After my recent posts about Google’s similarity browsing for images, a colleague reached out to me to educate me about some of the recent advances in image retrieval. This colleague is involved with an image retrieval startup and felt uncomfortable posting comments publicly, so we agreed that I would paraphrase them in a post under my own name. I thus accept accountability for the post, but cannot take credit for expertise or originality.
Some of the discussion in the comment threads mentioned scale-invariant feature transform (SIFT), an algorithm to detect and describe local features in images. What I don’t believe anyone mentioned is that this approach is patented–certainly a concern for people with commercial interest in image retrieval.

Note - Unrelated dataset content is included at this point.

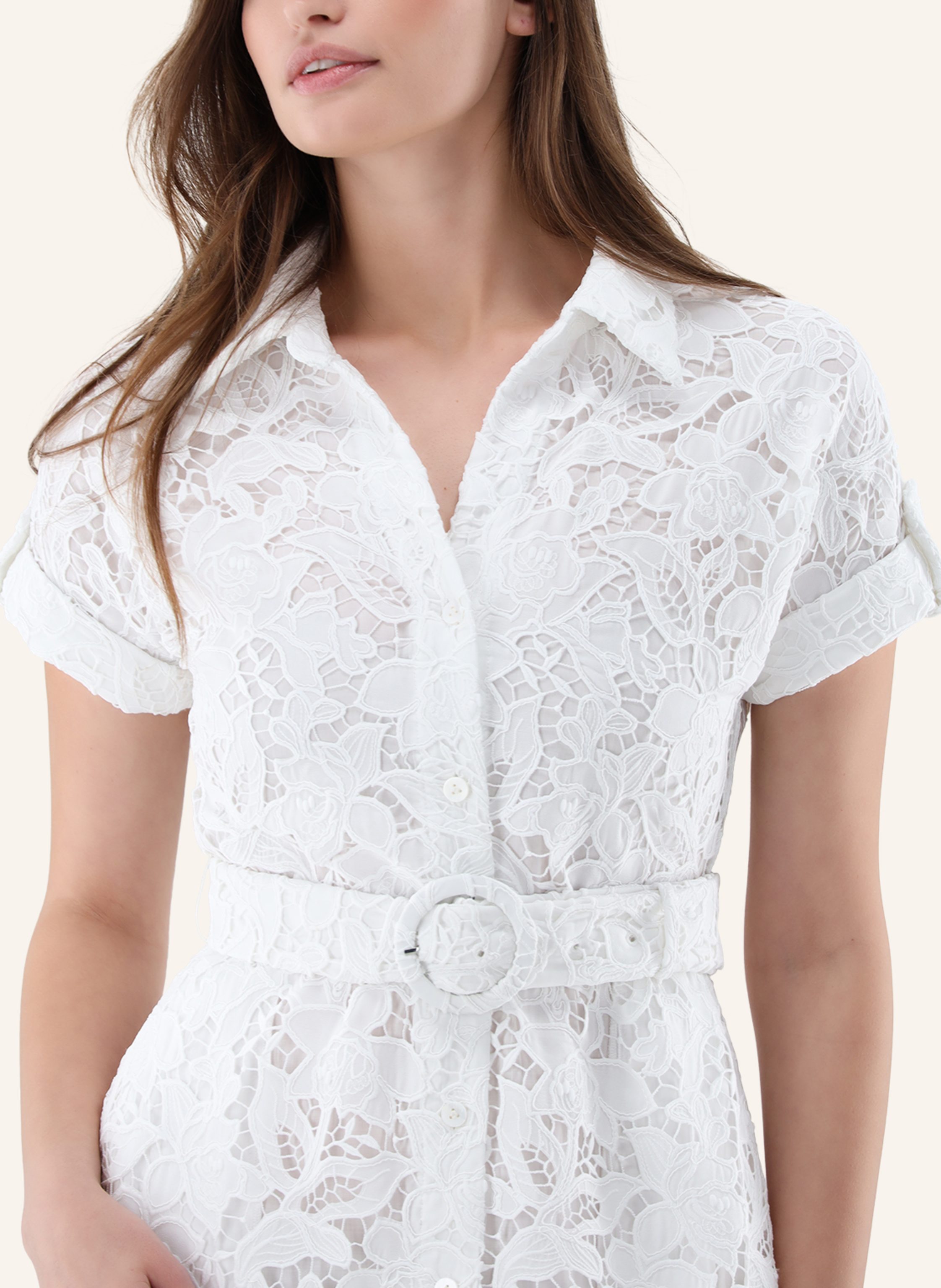 Thumbnail - Van Laack Kleid Modern Fit weiss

There’s also the matter of scaling in a different sense–that is, handling large sets of images. People interested in this problem may want to look at “Scalable Recognition with a Vocabulary Tree” by David Nistér and Henrik Stewénius. They map image features to “visual words” using a hierarchical k-means approach. While mapping image retrieval to text retrieval approaches is not new, their large-vocabulary approach was novel and made significant improvement to scalability, as well as being robust to occlusion, viewpoint and lighting change. The paper has been highly cited.
But there are problems with this approach in practice. For example, images from cell phone cameras are low-quality and blurry, and Nistér and Stewénius’s approach is unfortunately not resilient to blur. Accuracy and latency are also challenges.
In general, some of the vision literature about which are the best features to use don’t seem to work so well outside the lab, and the reason may be that images used for such experiments in the literature are of much higher quality than those in the field–particuarly for cell phone images.
An alternative to SIFT is “gist”, an approach based on global descriptors. This approach is not resilient to occlusion or rotation, but it does scale much better than SIFT, and may serve well for some duplicate detection–a problem that, in my view, is a deal-breaker for applications like similarity browsing–and which certainly is a problem for Google’s current approach.
In short, image retrieval is still a highly active area, and different approaches are optimized for different problems. I was delighted to have a recent guest post from AJ Shankar of Modista about their approach, and I encourage others to contribute their thoughts.
6 replies on “More Thoughts on Image Retrieval”
Web-scale scalability is the primary challenge for image search today. GIST descriptors describe scenes well and are becoming popular. Our approach at Xyggy is that image features should range from the simple (eg. color and texture as we have in our image demo) to the complex (eg. color, texture, edge, structure, layout etc.) – including GIST. If available, textual metadata can be added to the image feature too.
Could you explain what is meant by “duplicate detection is a deal-breaker for applications like similarity browsing”?
Dinesh, I should have been more specific. I meant that, for applications like Google Image Search whose collections contain large numbers of duplicate and near-duplicate images, similarity browsing is pretty useless without deduping, since it mostly shows you duplicate images of the one you start from.
With very large image collections, identical images should be removed but near-identical ones should be retained. There are users who will want to see near-identical images and others who won’t. Ideally, you want to offer an interface that allows the user to control/select the amount of similarity required.
Indeed, that’s a nice first step. Even better would be some clustering–ideally some kind of faceting–in order to make exploration effective.
You should look at Idee Inc in Toronto and their Tineye Reverse Image Search system
Thanks–the email I paraphrased did cite some vendors, but I deliberately excised them.